Your instructions: Your answer is the lines below, exactly, from the one that contains "Vice President JD" through the one that contains "Stretching Lifestyle Performer", both included.

Extracted material:
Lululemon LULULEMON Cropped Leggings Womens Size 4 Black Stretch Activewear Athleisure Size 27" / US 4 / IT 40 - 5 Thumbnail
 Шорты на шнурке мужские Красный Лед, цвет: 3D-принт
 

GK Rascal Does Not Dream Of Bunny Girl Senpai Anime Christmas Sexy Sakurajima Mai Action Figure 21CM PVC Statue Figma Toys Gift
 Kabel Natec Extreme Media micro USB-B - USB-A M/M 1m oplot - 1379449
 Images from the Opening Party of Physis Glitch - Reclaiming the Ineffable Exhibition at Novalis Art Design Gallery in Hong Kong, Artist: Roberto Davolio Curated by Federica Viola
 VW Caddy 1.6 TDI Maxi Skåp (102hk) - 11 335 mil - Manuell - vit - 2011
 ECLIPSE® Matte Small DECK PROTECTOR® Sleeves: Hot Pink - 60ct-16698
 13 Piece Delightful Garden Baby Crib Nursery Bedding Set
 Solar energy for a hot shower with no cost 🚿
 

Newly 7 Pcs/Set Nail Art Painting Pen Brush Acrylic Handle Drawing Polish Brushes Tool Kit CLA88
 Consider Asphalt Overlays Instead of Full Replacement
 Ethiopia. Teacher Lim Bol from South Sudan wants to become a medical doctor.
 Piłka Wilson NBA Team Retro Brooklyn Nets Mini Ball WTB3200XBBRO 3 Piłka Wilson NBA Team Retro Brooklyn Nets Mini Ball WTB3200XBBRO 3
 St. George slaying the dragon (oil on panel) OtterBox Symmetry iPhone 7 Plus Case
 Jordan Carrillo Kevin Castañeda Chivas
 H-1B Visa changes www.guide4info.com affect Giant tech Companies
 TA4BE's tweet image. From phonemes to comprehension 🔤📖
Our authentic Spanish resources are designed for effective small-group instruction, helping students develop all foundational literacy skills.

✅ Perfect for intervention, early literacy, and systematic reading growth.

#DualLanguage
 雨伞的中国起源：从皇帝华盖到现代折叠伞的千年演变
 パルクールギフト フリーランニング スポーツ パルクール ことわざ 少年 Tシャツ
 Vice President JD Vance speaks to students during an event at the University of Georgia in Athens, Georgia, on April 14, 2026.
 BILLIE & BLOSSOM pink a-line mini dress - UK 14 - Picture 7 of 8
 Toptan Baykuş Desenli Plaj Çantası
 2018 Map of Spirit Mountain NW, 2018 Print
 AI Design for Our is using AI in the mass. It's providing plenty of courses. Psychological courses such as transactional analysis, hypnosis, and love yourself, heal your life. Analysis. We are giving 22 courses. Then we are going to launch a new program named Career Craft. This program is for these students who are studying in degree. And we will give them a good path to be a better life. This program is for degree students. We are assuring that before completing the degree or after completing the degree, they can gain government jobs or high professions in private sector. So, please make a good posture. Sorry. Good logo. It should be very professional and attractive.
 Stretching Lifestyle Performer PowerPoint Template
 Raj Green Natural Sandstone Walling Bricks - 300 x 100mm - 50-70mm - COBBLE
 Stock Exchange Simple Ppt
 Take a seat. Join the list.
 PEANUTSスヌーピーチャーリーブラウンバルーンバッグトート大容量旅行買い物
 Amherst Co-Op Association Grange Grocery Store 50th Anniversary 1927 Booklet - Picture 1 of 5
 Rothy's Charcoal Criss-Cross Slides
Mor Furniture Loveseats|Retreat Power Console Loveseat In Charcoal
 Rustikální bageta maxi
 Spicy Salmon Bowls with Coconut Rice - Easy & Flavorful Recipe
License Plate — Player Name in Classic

Written response:
 Vice President JD Vance speaks to students during an event at the University of Georgia in Athens, Georgia, on April 14, 2026.
 BILLIE & BLOSSOM pink a-line mini dress - UK 14 - Picture 7 of 8
 Toptan Baykuş Desenli Plaj Çantası
 2018 Map of Spirit Mountain NW, 2018 Print
 AI Design for Our is using AI in the mass. It's providing plenty of courses. Psychological courses such as transactional analysis, hypnosis, and love yourself, heal your life. Analysis. We are giving 22 courses. Then we are going to launch a new program named Career Craft. This program is for these students who are studying in degree. And we will give them a good path to be a better life. This program is for degree students. We are assuring that before completing the degree or after completing the degree, they can gain government jobs or high professions in private sector. So, please make a good posture. Sorry. Good logo. It should be very professional and attractive.
 Stretching Lifestyle Performer PowerPoint Template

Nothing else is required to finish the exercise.